_The data:_

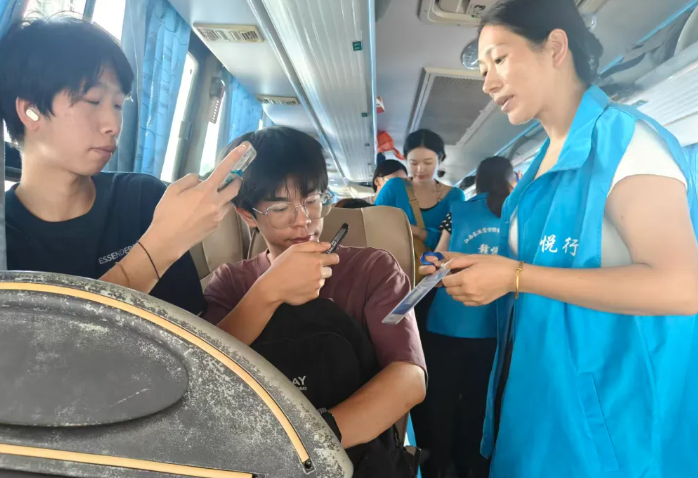 新余長運(yùn)：“雙節(jié)”高峰顯擔(dān)當(dāng) 多舉措保障客流與業(yè)務(wù)雙提升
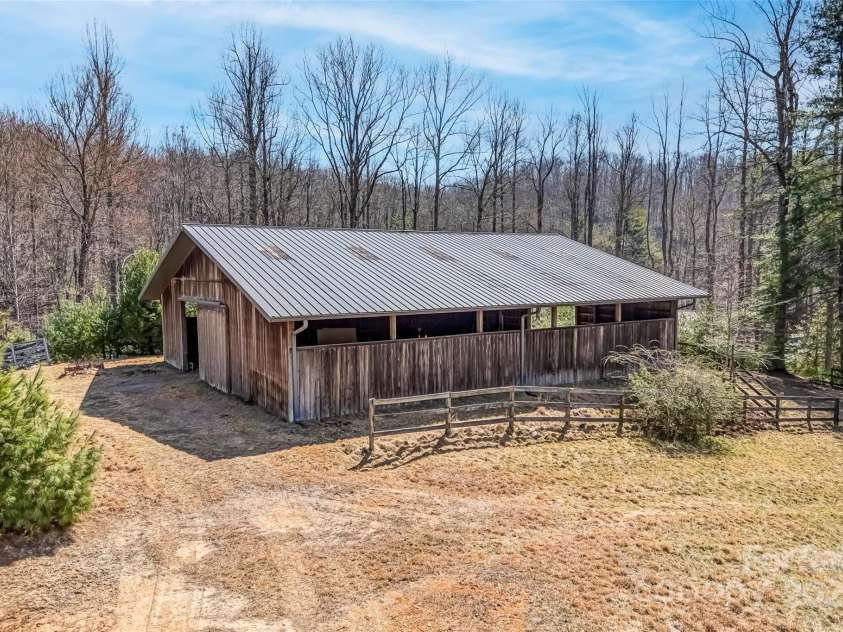 674 Walnut Ridge Road, Brevard, NC 28712.  MLS# CAR4235374, YatesRealty ID 4544. Riding Arena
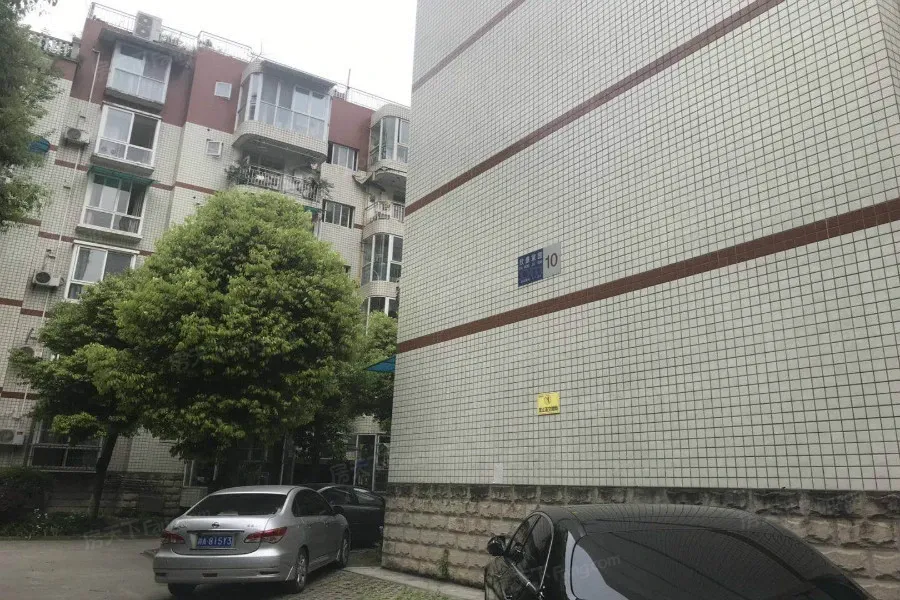 欣盛家园3室2厅2卫西南朝向1800.00元/月出租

_Work request:_ Copy out the listing above exactly, and keep the pictures out of it.

_Reply:_
 新余長運(yùn)：“雙節(jié)”高峰顯擔(dān)當(dāng) 多舉措保障客流與業(yè)務(wù)雙提升
 674 Walnut Ridge Road, Brevard, NC 28712.  MLS# CAR4235374, YatesRealty ID 4544. Riding Arena
 欣盛家园3室2厅2卫西南朝向1800.00元/月出租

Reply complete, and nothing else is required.